Re: [OMPI devel] race condition in oob/tcp

Gilles Gouaillardet Fri, 19 Sep 2014 11:30:18 -0400 (EDT)

Ralph,

let me detail the new race condition.


orted 2 and 3 are not connected to each other and send a message to each
other

orted 2 and 3 call send_process (that set peer->state =
MCA_OOB_TCP_PEER_CONNECTING)
they both end up calling mca_oob_tcp_peer_try_connect

now if orted 3 calls mca_oob_tcp_send_handler.
peer->state = MCA_OOB_TCP_CONNECT_ACK
peer->fd = 15 /* in my environment */

now orted 2 accept the connection from orted 3 (fd=17 in my environment)
and invokes recv_handler
that will call mca_oob_tcp_peer_recv_connect_ack
that will in turn call retry because peer->state is MCA_OOB_TCP_CONNECTING
retry will close fd 15 and 17

now orted 3 decides to handle fd 15 (depend on random() of libevent ...)
mca_oob_tcp_recv_handler will call mca_oob_tcp_peer_recv_connect_ack
that will call tcp_peer_recv_blocking
recv(15, ...) will return 0 /* orted 2 did not invoke
mca_oob_tcp_send_handler yet)
then mca_oob_tcp_peer_close will set peer->state = MCA_OOB_TCP_CLOSED
and mca_oob_tcp_peer_recv_connect_ack will *not* invoke retry()

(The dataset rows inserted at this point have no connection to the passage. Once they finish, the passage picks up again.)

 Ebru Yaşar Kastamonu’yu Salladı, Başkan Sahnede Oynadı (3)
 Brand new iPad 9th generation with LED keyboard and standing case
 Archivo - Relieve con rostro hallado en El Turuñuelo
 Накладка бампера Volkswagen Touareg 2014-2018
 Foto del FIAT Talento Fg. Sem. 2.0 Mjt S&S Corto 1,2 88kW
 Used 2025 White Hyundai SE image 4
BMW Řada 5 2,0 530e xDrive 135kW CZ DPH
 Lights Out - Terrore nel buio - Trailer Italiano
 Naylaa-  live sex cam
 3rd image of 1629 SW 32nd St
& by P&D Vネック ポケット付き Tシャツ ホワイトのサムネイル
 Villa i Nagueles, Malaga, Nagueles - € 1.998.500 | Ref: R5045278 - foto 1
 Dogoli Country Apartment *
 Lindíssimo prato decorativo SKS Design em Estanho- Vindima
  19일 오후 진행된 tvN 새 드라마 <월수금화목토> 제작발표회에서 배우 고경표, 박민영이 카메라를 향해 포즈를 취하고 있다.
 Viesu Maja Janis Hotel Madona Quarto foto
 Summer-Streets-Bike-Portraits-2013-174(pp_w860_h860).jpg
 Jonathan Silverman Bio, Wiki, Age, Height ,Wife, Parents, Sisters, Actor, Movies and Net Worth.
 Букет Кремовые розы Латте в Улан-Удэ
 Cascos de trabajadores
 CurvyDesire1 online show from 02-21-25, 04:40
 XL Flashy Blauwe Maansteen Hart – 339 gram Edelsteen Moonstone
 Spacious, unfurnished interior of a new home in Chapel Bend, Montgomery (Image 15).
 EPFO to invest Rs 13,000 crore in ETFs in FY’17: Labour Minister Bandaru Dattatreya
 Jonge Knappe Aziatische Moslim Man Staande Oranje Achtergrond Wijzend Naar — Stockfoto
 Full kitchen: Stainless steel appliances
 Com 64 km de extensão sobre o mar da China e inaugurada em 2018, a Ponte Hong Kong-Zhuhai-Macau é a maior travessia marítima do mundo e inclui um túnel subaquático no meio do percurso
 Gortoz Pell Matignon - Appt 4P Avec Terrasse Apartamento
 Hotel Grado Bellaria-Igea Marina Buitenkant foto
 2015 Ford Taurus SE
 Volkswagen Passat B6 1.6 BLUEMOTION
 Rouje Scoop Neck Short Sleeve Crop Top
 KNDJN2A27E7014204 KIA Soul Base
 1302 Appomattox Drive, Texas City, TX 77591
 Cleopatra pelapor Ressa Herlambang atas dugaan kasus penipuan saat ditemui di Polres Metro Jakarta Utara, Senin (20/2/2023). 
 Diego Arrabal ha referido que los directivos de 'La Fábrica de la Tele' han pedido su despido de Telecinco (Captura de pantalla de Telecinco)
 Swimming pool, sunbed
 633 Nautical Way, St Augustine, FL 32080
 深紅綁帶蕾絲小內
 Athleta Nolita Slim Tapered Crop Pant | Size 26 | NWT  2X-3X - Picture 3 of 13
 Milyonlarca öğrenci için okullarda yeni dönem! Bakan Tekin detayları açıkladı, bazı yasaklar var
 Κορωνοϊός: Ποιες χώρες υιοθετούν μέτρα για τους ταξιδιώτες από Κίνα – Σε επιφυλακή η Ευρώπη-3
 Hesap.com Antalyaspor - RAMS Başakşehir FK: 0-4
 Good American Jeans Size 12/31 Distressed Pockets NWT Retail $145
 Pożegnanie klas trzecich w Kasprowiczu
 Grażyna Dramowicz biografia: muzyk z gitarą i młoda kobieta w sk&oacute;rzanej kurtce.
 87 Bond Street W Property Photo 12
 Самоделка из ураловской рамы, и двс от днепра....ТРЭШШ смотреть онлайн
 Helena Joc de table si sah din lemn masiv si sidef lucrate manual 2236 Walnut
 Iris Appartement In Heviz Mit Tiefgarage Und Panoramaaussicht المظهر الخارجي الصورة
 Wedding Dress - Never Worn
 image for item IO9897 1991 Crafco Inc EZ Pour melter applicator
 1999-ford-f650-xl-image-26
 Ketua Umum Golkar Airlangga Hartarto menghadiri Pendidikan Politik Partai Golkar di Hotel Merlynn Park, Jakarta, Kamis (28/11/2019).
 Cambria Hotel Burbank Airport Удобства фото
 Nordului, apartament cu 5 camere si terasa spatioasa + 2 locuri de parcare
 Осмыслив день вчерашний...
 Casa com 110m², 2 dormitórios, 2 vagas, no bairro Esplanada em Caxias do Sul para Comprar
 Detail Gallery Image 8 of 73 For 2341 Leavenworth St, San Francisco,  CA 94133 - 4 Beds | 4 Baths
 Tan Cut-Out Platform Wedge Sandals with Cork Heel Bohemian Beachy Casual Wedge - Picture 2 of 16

now orted 3 accepts the conection from orted 2 (fd=17 in my environment)
it will successfully read the connection request, and write its ack and set
peer->state = MCA_OOB_TCP_CONNECTED

/* in my previous email, i was surprised the write did not fail.
on second thought, this is not so surprising : depending on the timing,
orted 3 might not be aware that orted 2 closed the other end of the socket.
bottom line, we cannot reliably expect write would fail in all cases */

the following write to fd=17 will fail and because the state is
MCA_OOB_TCP_CONNECTED, the result is either a hang (the message from rml is
never sent) or an abort of orted.


a possible fix is to ensure retry() is invoked on orted 3 by
mca_oob_tcp_peer_recv_connect_ack when peer->state is MCA_OOB_TCP_CLOSED

an other possible fix is to add a new state to the sequence :
orted 3 move peer->state to MCA_OOB_TCP_CONNECTED when it receives a ack
from orted 2 (and not when it sends its ack to orted 2)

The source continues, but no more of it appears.